Kordinator Aceh Peace Forum, Juanda Djamal mengatakan konsesus baru pendirian rumah ibadah di Aceh Singkil tersebut, sebagai solusi agar ada kepastian dalam pendirian rumah ibadah. "Selama ini aturan yang ada dinilai belum menjawab perubahan struktur sosial yang ada di Aceh Singkil, sehingga butuh konsensus baru," ujarnya kepada wartawan, Kamis (15/10).
Ia mengungkapkan, di Aceh Singkil memang tingkat perpindahan penduduk dari provinsi Sumatera Utara cukup tinggi. Itu dikarenakan wilayah ini memang perbatasan dengan Sumatera Utara. Dan diketahui memang sebagian penduduk dari Sumatera Utara menganut Kristen. Jadi kebutuhan untuk rumah ibadah gereja juga meningkat jadi perlu aturan baru.
Menurut dia, sebenarnya tugas pemerintah lokal dan provinsi agar mengatur lebih bijak agar gereja tetap berdiri menjamin fasilitas ibadah, namun tetap tertib tanpa harus muncul gereja-gereja kecil ilegal yang kemudian memunculkan permasalahan di tengah masyarakat. "Ini yang masih lemah di pemerintah daerah mengatur ini, sehingga tumbuhlah gereja-gereja yang tanpa legalitas seperti di Desa Suka Makmur, Gunung Meriah kemarin," tambanya.
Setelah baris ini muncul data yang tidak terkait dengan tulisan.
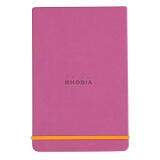 Rhodiarama Webnotepad rembordé rigide 9x14 cm 192 pages ligné microperforé papier ivoire 90g fermeture élastique - Lilas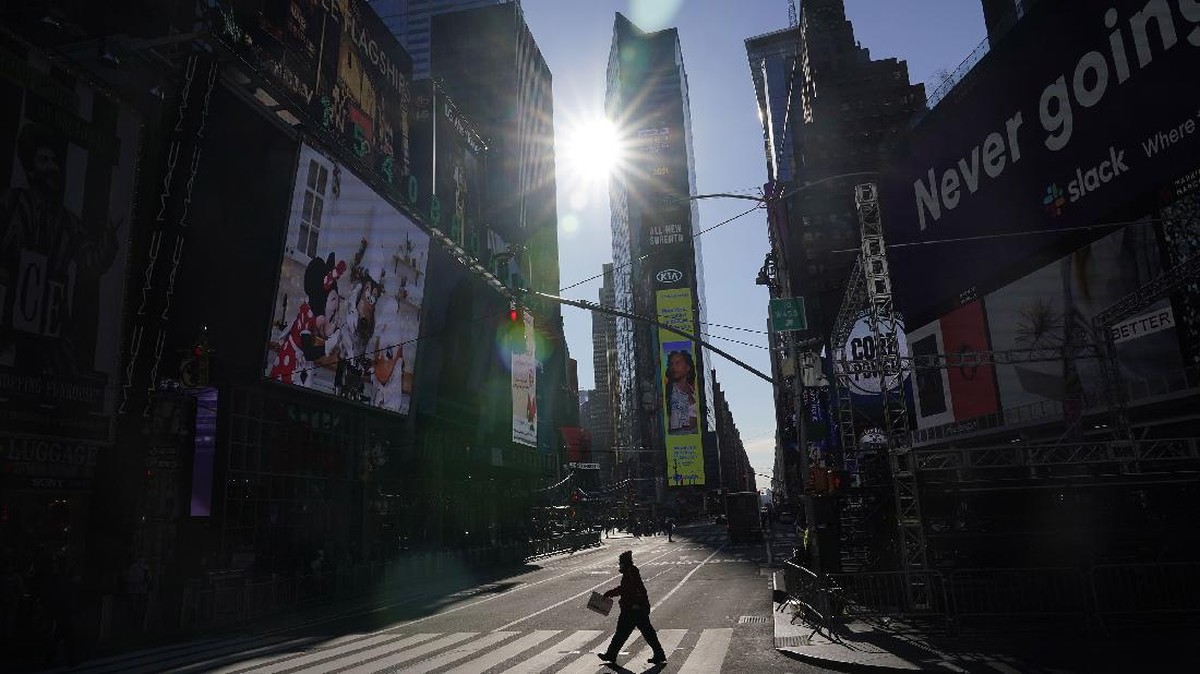 FOTO: Guratan Asa Berakhirnya Pandemi di New York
Ia juga berharap pemerintah tidak menjadikan kasus di Aceh Singkil ini komoditas politik yang justru akan memperpanjang benih-benih konflik. Biarlah bentrokan di Aceh Singkil ini diselesaikan secara bijak dari Forum Kerukunan Umat Beragama di Aceh Singkul, dan tentunya pihak-pihak yang terbukti bersalah harus dihukum agar tidak terulang kembali.